Integrating new digital technologies into traditional organizational models brought about by digital transformation has induced significant changes in their structural and technical production processes. When integrated with existing information and communication technologies, these technological advancements provide a competitive edge, differentiating countries in terms of economic performance and sustainability orientation. Digital transformation involves an integrative process that aligns current information and communication technologies with new digital technologies to achieve a country’s economic, social, and environmental performance objectives.

Our study empirically examines the relationship between digital transformation, sustainability, and economic performance and answers the following research question: “What is the impact of digital transformation on sustainability and economic performance?”. The findings of this research provide a theoretical and practical contribution to develo** a new literature stream called digital sustainability. The recommendations in this paper aim to advance and complement the existing body of knowledge, bringing management scholarship closer to broader societal needs.
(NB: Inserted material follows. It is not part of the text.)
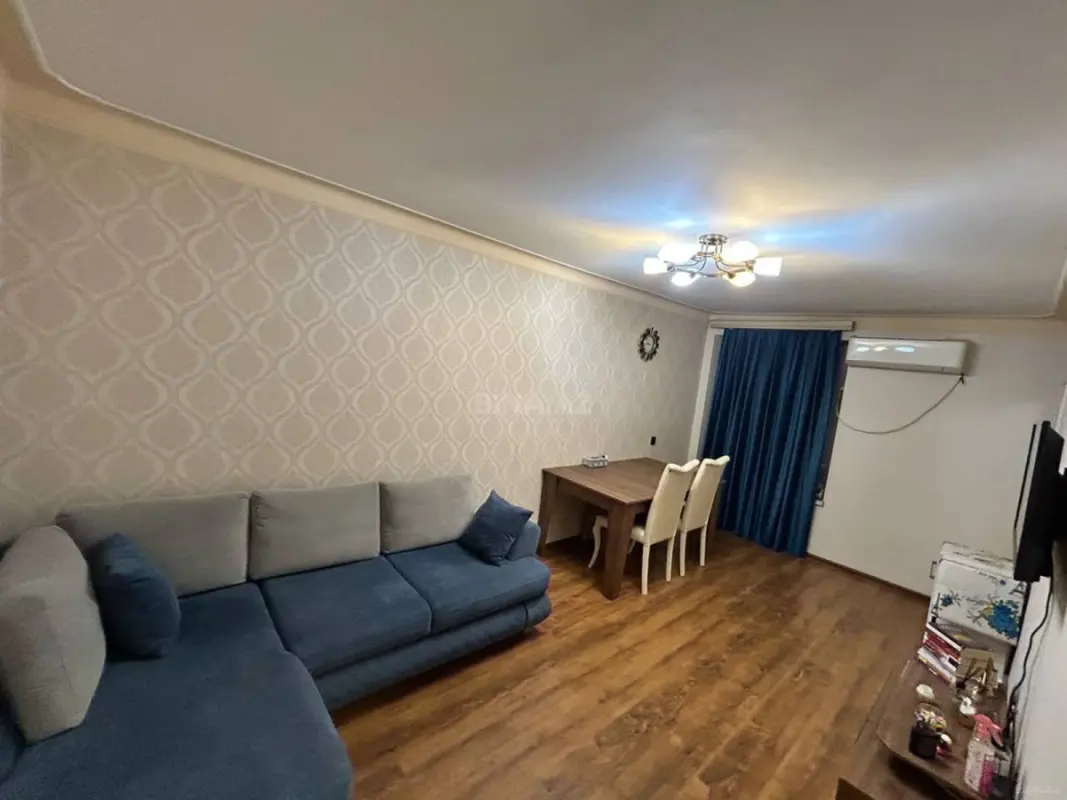 Kirayə verilir 2 otaqlı mənzil 44 m²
European countries have come to appreciate the significance of digital transformation in driving economic and sustainable growth, with an understanding of the competitive advantage of a robust digitized economy. Nevertheless, the economic development, sustainability, and digitalization levels differ across European countries due to significant variations. Therefore, less developed countries with weaker digital economies must follow the model of more developed and highly digitized countries.